Bridges are so symbolic, all about connecting two sides of a divide, and the process of transition from one to the other. When I started this website I was still back in winter Britain, living in a small market town in County Durham. I would go twice a week into the historical city of Durham, and, having found a café to my liking, I began to develop what would be the signature website for this new stage of Pilgrimage. I wanted it to be ready to pick up the narrative themes when I was ready to write in India.

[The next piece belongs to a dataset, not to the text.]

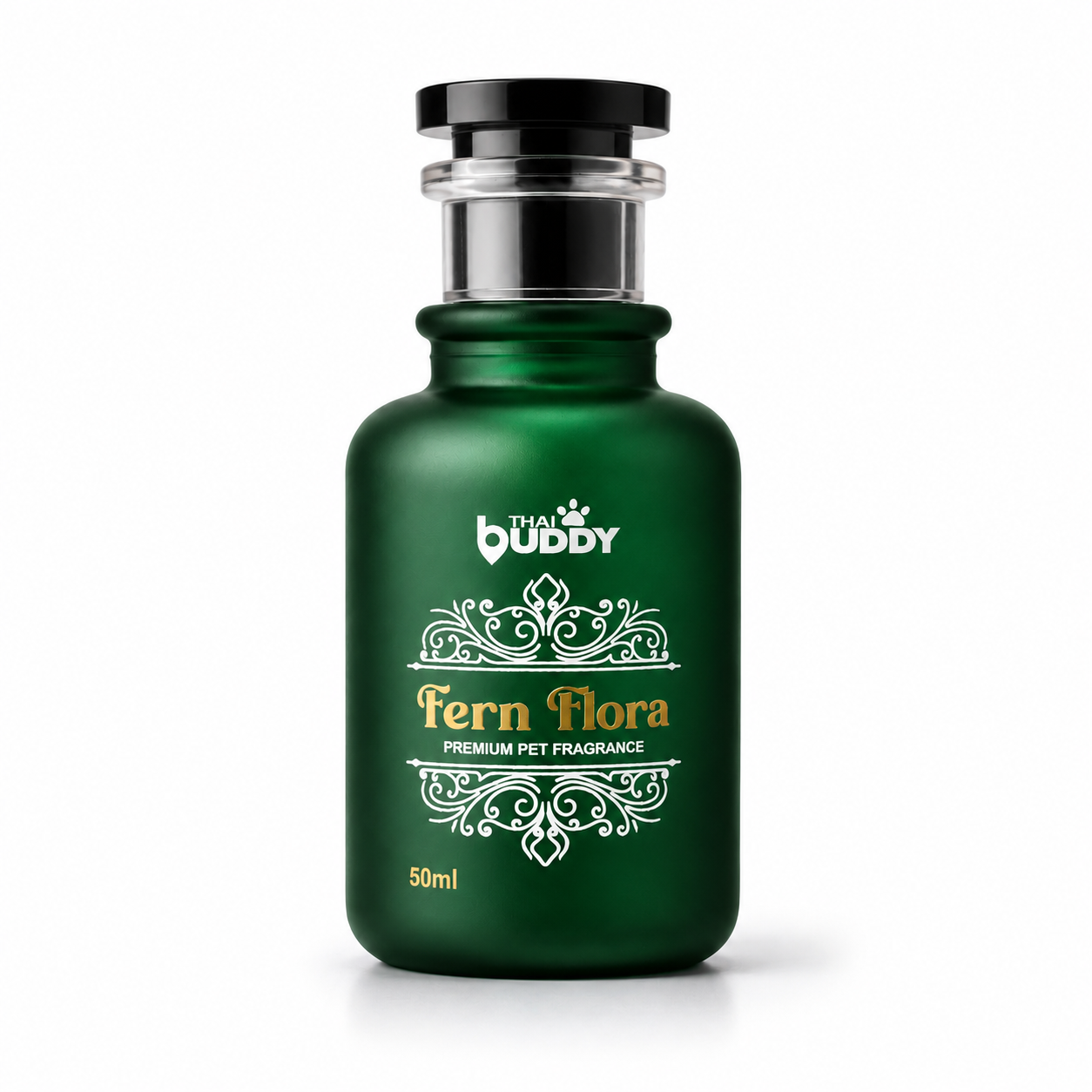 Thai Buddy Fern Flora Premium Pet Perfume 50ml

The view from the café looked out over the medieval footbridge across the River Wear, with the castle and cathedral looming darkly over the town. When I first came here, a busker played folk music on an electric mandolin – Scarborough Fair – that very evocative poignant English folk song popularised by Simon and Garfunkle, that set the tone for the weeks that panned out from then, mostly cold and bleak as January and Febuary wore slowly by. Subsequently the bridge was more often taken over by ranting evangelists preaching God, Jesus and the Bible to the crowds of deaf uninterested passersby. It felt sad to see them, in that they clearly had no insight into how the whole numinous and associated narrative energy had long moved on, leaving them proclaiming a faith in long redundant language that no-one wanted to hear. And I sometimes thought about what it might take to catch people’s attention because I certainly think that the majority of folk are lost and seeking something in their lives, to lift them out of slavish dependency on the arid material and secular world they are embedded in, and give them some confidence in a different, more transcendent vision.

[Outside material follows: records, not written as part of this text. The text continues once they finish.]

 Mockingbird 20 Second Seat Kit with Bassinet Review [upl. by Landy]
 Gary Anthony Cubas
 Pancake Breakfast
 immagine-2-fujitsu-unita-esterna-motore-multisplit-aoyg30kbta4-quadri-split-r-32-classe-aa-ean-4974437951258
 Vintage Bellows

Here in the Durham café I conceived the new website and an Instagram account to complement it, for the journey itself and the temple visits that I planned to be making again, in the way I had during the first. I had no prior experience whatever of Instagram and a poor enough opinion of it, so it felt odd to be forcing myself to engage with a world that functioned so exclusively on self promotion, which is not ever a quality I would associate with the dynamics of spiritual journeying and the seeking of enlightenment, being pretty much focussed upon narrow notions of egoic identity in the secular world. And I had no idea how to go about capturing the generality of peoples’ interest in the strange dynamics that, to an outside observer, could too readily present as random wanderings and temple tourism that had marked the first Pilgrimage stage from 2019 through to 2022.
I have now been back here three weeks, and look out over such a vastly different scene, of the famous Ram Jhula bridge over the Ganges. The cold bleak winter leading up to Christmas and early spring days of the north of England have now long evaporated, to seem as though they really were more a dream, although well do I remember my frustration at how slowly time seemed to move then, and what twelve remaining weeks to the departure date felt like.

With three difficult transitional weeks behind me now, inevitably confronting the sorts of issues that had all played an important part in my demise here the previous year (https://turbulentpriest.net/2024/02/13/was-it-all-a-dream/) I now face the yawning open space of the rest of my time here, and whatever that will prove to be. It is my plan to go shortly up into the mountains to the region I have long associated with the sublimest experiences of the first Pilgrimage: Thais Dharali, some 15 kilometres outside of Gangotri itself, where the Bhagirathi River, one of two headstreams of the Ganges, is accessible by foot, when mostly it flows through deepcut gorges. There you find the ancient sunken temple of Kalp Kedar, same age as Kedarnath, some 700 years old, where I have carried out private pujas, including what I termed the ‘rite of termination’ to formally end the 2019-2022 Pilgrimage cycle. Inevitably it carries such special memories and seems to me to be the best place to start this new Pilgrimage stage, phoenix style, where the first ended.